» Your objective:
Exactly the lines from the one containing "Thanyawintra Boutique And" through the end of the listing below are required, restated word for word and without pictures.

» Given data:
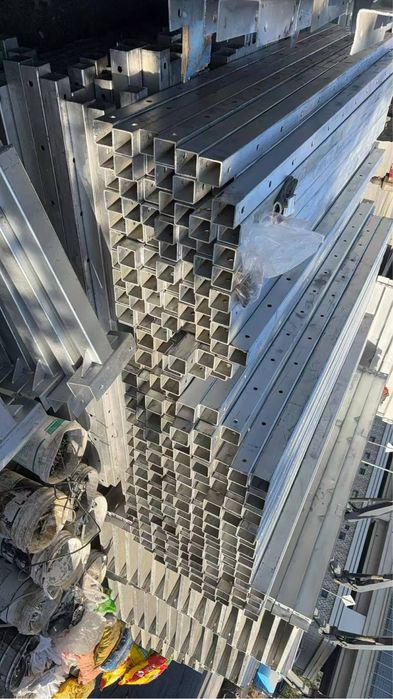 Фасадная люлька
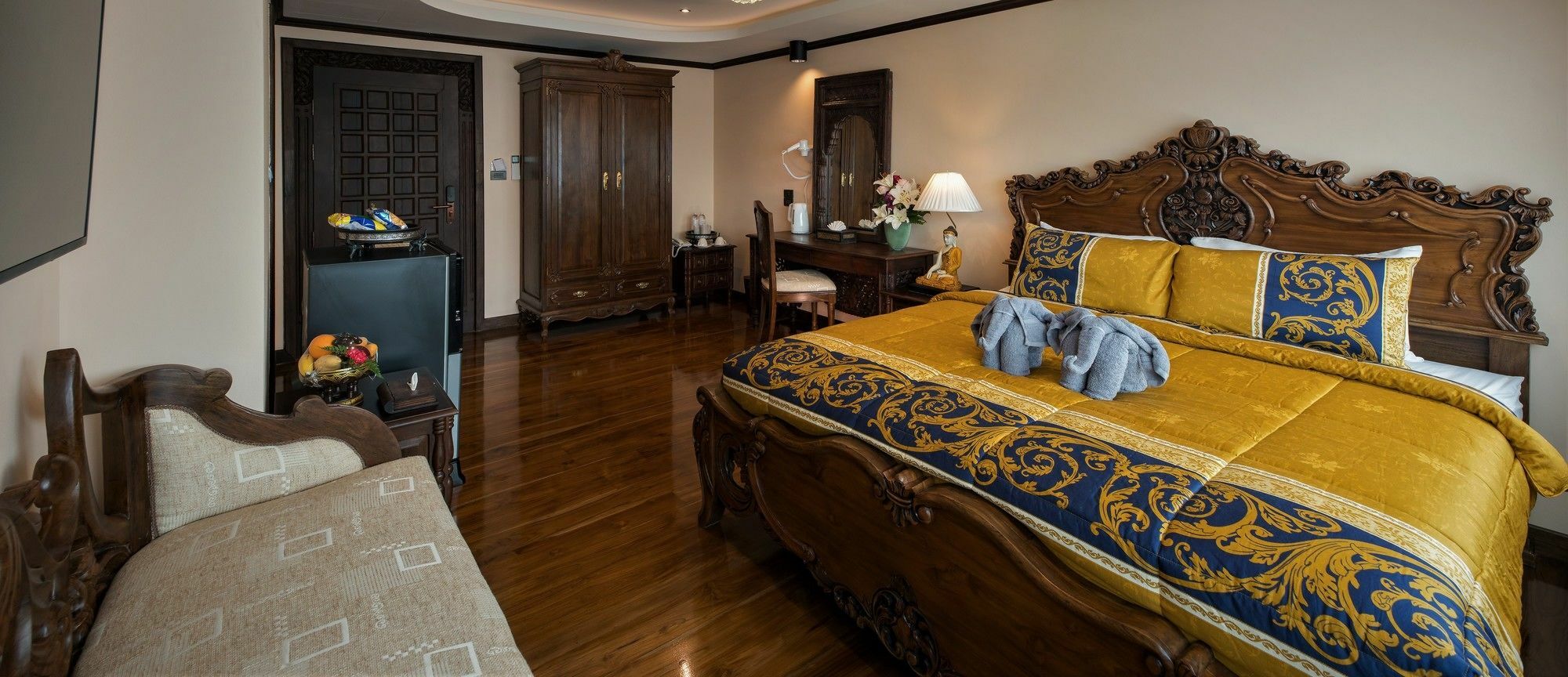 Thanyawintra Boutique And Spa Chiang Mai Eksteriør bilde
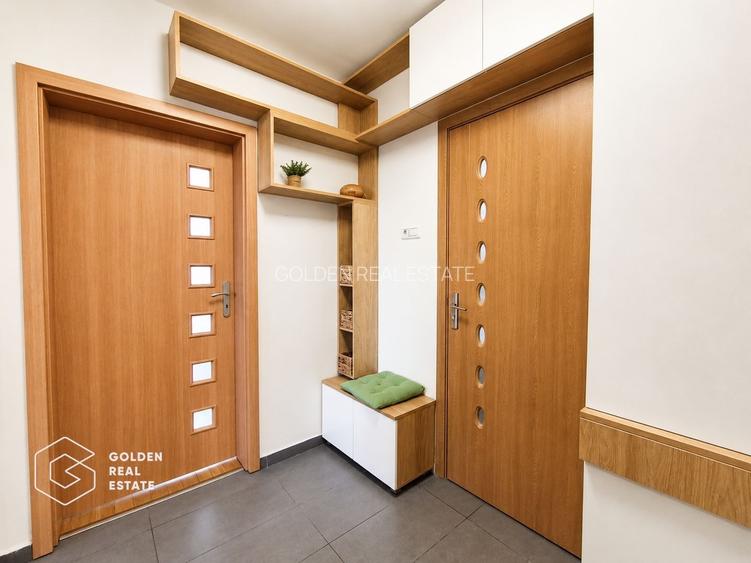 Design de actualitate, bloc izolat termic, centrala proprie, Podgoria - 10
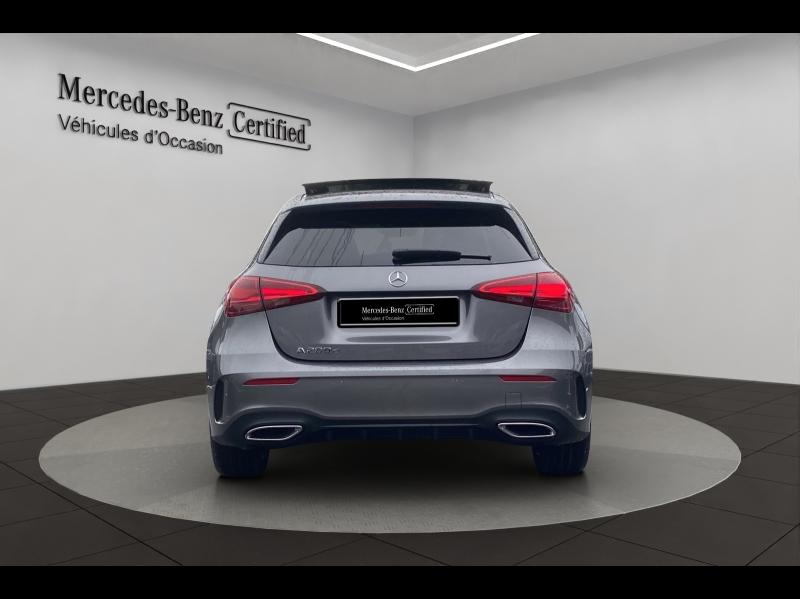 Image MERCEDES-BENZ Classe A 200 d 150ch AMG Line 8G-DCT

» Final answer:
 Thanyawintra Boutique And Spa Chiang Mai Eksteriør bilde
 Design de actualitate, bloc izolat termic, centrala proprie, Podgoria - 10
 Image MERCEDES-BENZ Classe A 200 d 150ch AMG Line 8G-DCT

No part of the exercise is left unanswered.